9/10
Pure and Powerful Magic
25 August 2006
Warning: Spoilers
Some people may view this movie as a simple 'horse and boy' adventure film for children but I think it is much more than that. This film can easily be appreciated by adults and sensitive children on a more subtle and metaphorical level (and if anyone misses this point, one of the supporting characters helpfully spells it out about three-quarters of the way through the film!) One reviewer here compares 'The Black' with Death. I have to disagree with this interesting but flawed analysis which is due in part perhaps to the colour of the horse. To me, 'The Black' is not Death but Fate. Capricious, unknowable, unexpected and impossible to control, 'The Black' is all of these things - as is Life. He may be many things to many people, but he is not an indiscriminate destroyer. To Alec, the horse becomes protector and guardian although 'The Black' is capable of great destruction should he wish it. Alec suffers a huge loss, but it is the chance gift of this mysterious horse that points the way back to Life for him rather than to a descent into despair and Death.

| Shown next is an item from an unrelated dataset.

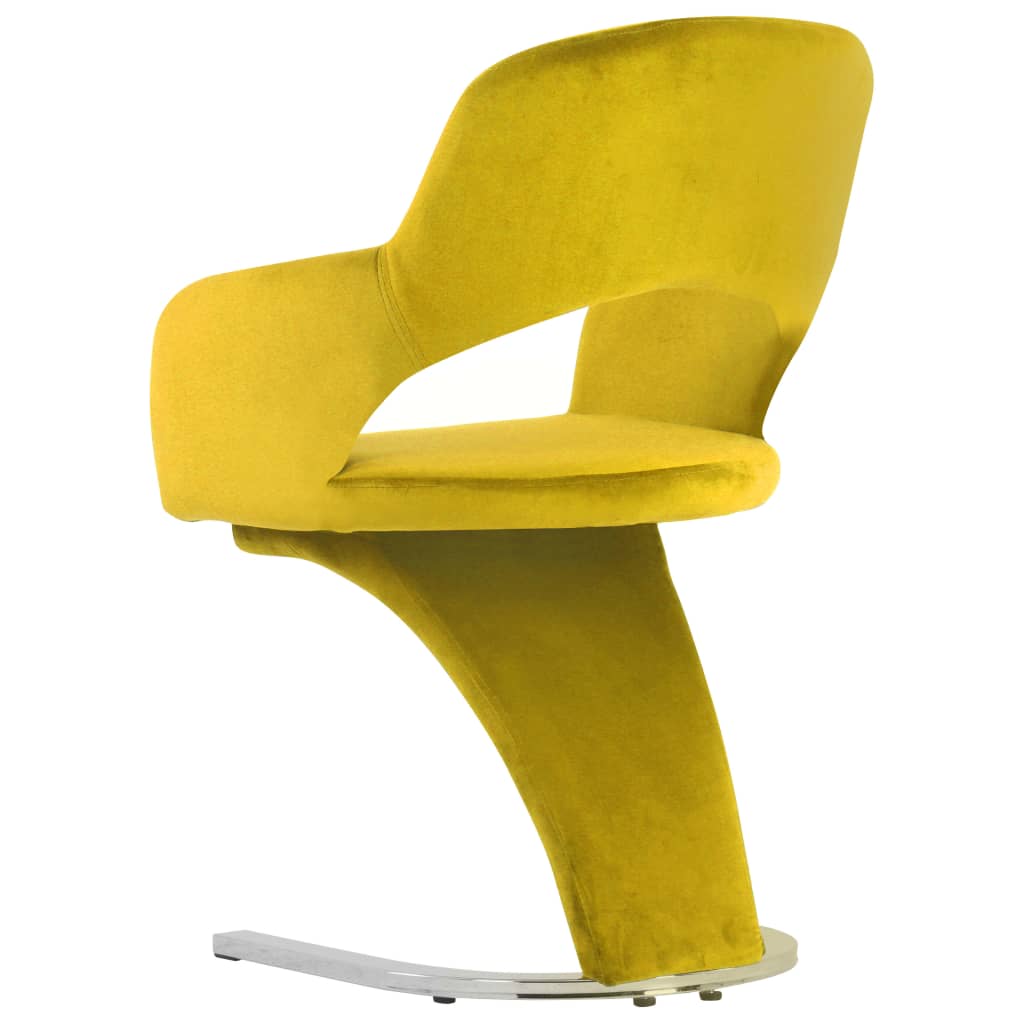 vidaXL Krzesła stołowe, 4 szt., żółte, aksamitne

The magical horse crosses Alec's path and the boy's life is changed forever. The life he has known (one imagines a familiar childhood of imposed order) is literally swept away and the boy finds himself in an isolated, uncompromising, yet very beautiful wilderness. Seeing the wonderful and unusual treatment this movie was given by Carroll Ballard and his team and the captivating first hour (which is an almost silent ballet), we can also see 'The Black' (and those wonderful Sardinian locations masquerading as a small island) as Nature personified.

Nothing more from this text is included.